== Action item ==
Set down, please, exactly the lines below that run from the line with "Polsek Sei Beduk" to the line with "Les bisciuts sapin", both lines included.

BEGIN Stored data

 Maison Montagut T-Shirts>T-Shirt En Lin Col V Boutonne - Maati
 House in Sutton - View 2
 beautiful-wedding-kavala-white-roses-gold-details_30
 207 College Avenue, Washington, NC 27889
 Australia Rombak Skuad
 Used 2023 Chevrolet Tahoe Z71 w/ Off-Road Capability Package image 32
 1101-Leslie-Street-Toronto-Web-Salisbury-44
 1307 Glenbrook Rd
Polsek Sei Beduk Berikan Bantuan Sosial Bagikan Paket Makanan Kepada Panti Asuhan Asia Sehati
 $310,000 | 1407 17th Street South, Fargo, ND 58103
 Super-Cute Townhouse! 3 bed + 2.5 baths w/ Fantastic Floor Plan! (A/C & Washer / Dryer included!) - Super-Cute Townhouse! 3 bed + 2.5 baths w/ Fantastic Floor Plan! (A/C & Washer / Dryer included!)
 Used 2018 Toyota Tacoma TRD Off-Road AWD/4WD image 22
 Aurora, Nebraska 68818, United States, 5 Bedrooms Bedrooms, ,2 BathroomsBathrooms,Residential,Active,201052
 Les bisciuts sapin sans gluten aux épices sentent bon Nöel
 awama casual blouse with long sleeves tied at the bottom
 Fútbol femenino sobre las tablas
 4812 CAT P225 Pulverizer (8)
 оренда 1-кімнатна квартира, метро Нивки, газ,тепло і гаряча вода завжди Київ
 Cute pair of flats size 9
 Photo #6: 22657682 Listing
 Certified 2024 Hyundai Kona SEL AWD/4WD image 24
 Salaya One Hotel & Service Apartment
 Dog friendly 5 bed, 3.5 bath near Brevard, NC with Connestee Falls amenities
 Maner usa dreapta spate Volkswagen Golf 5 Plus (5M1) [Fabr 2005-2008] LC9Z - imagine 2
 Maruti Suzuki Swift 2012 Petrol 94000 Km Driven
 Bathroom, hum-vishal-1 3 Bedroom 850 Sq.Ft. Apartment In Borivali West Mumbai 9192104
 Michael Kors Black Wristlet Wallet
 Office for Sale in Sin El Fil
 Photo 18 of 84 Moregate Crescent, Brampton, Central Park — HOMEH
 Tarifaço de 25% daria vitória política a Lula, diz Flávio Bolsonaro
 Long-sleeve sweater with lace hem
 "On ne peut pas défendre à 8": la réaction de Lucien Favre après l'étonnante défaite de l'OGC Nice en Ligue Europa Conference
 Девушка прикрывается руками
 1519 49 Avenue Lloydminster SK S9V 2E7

END Stored data

== Solution below ==
Polsek Sei Beduk Berikan Bantuan Sosial Bagikan Paket Makanan Kepada Panti Asuhan Asia Sehati
 $310,000 | 1407 17th Street South, Fargo, ND 58103
 Super-Cute Townhouse! 3 bed + 2.5 baths w/ Fantastic Floor Plan! (A/C & Washer / Dryer included!) - Super-Cute Townhouse! 3 bed + 2.5 baths w/ Fantastic Floor Plan! (A/C & Washer / Dryer included!)
 Used 2018 Toyota Tacoma TRD Off-Road AWD/4WD image 22
 Aurora, Nebraska 68818, United States, 5 Bedrooms Bedrooms, ,2 BathroomsBathrooms,Residential,Active,201052
 Les bisciuts sapin sans gluten aux épices sentent bon Nöel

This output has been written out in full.